After a few minutes, he followed her inside, where she had curled herself into a tight knot on the couch. “I’m sorry, Velvet,” he said. “I didn’t mean to hurt you.”

“What did you mean to do?”

“I don’t know. I was just so…so mad at you.”

“Why? Because I wouldn’t go to bed with you?” She hid her face against the back of the settee, shocked at her own blunt words.

“I guess so.”

“Why would you expect me to…to do that?”

“I shouldn’t have. I don’t know what got into me.”

“But you did.” She lifted her face. In the lamplight, his eyes glowed, but not with happiness.

“I was wrong. Wrong about Claudia, wrong about you.” He sat down in the chair across from her. “I’m leaving first thing in the morning, Velvet. I don’t want to remember you like this.”

She sat up. “I’ll drive you back to the field.”

“No, I’ll go downtown and ride back with the fellows at the Canteen when it closes.” He rose and stepped toward her, then stopped. “I do love you, Velvet.”

She nodded. “I know you do. And for what it’s worth, I love you, too.”

“I wish I could believe that.”

“You can.”

“But I’m not still your prince.
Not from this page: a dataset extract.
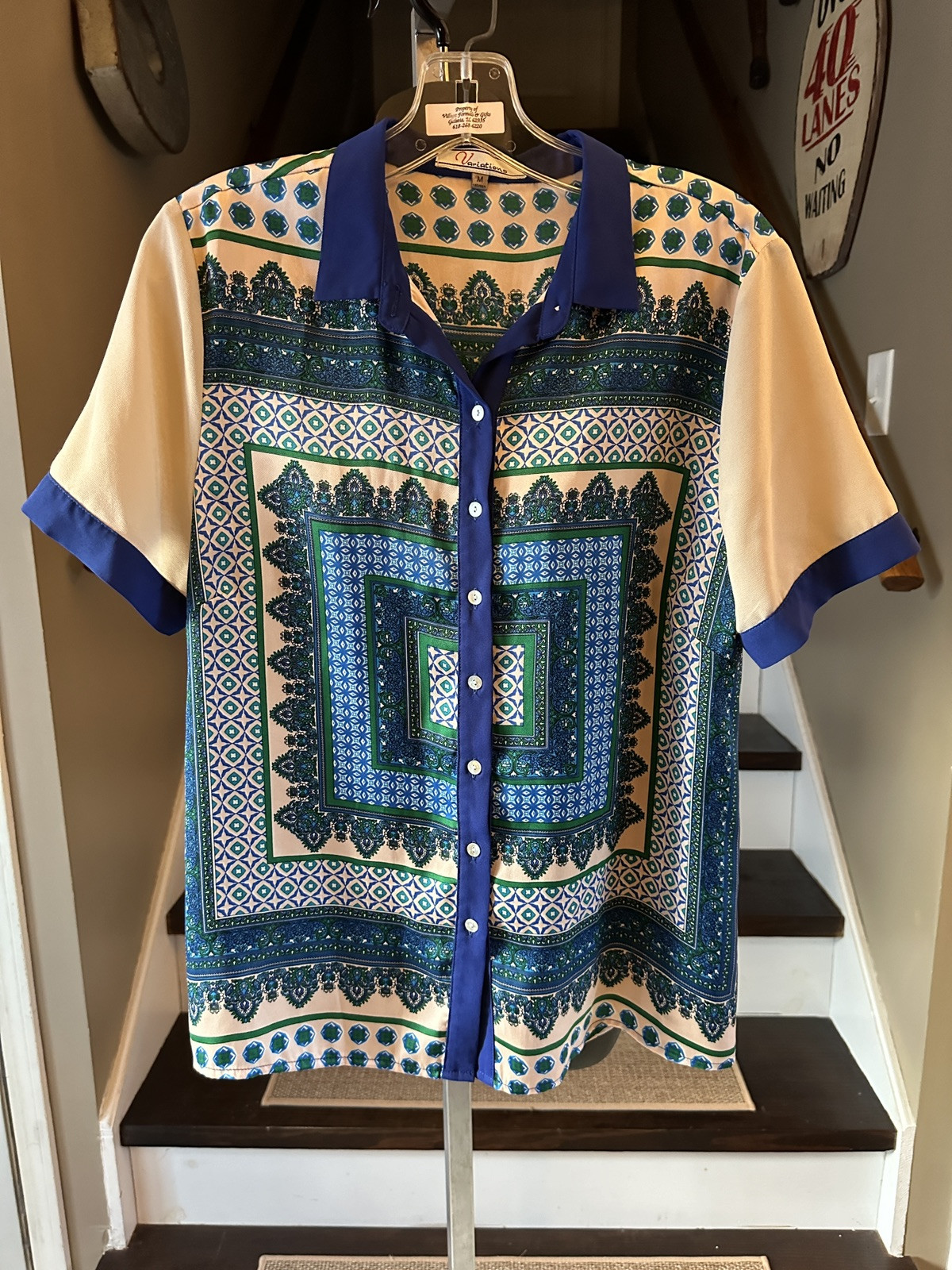 Vintage 70s Variations Mod Rayon Silk Short Sleeve Women’s Shirt M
More like a toad.”

She didn’t smile. “I don’t believe in fairytales anymore.”

“Because of me?”

“You said I needed to grow up.”

“I’ve said a lot of things I wish I could take back, but I guess that much was right. I had to grow up overnight when I was fourteen, but you had your sister. You still do.”

“There’s nothing wrong with that.”

“She still calls you ‘baby girl,’ and that’s how you think of yourself—as her baby girl. You haven’t had to grow up, because she’s always been there to take care of things for you.”

Anger flared in Celeste. “I’ve worked since I was twelve years old and put up with Daddy on top of that.”

“You think that makes you a woman?”

She watched the rage building in him again. She’d seen it before, more than once, and retreated from it. Now she felt trapped, even threatened—though not physically.

“I thought it did. Not letting you get all over me makes me responsible, not immature.”

“I don’t want…you’re not a one-night stand, Velvet. Not by a long shot. We could’ve gotten married.”

“So we could sleep together for a few nights?”

“You know it’s more than that.”

She dropped her head to hide her face until she got control of her emotions. “I want to know that, Kent. I want to believe you really love me.”

“I’ve said so plenty of times.”

“I know.”

“But that’s not enough, is it? Why? Can you tell me that?”

“I wish I knew.”

“You said we needed to talk so we could get to know each other, and we’ve done that. If you don’t know me by now, you never will.”

“I know you’re a good person, Kent.”

“Look, I’ve been honest with you about what I did. Maybe I should’ve come clean right off the bat, but I didn’t. I’m not perfect. Neither are you.”

“I never said I was.”

“No, but you wanted to live in a perfect world. That’s what you were doing when you stayed in this house in your own room, even though your father didn’t care anything about you.”

She straightened her shoulders in a show of what she hoped was confidence. “He did once.”
And I can’t tell you why he didn’t love me after Mamma died. You’ve been honest with me, but I can’t be honest with you, not now, not ever. You don’t care about a little boy who might really be yours, and you wouldn’t care about somebody who doesn’t even know who her own father is.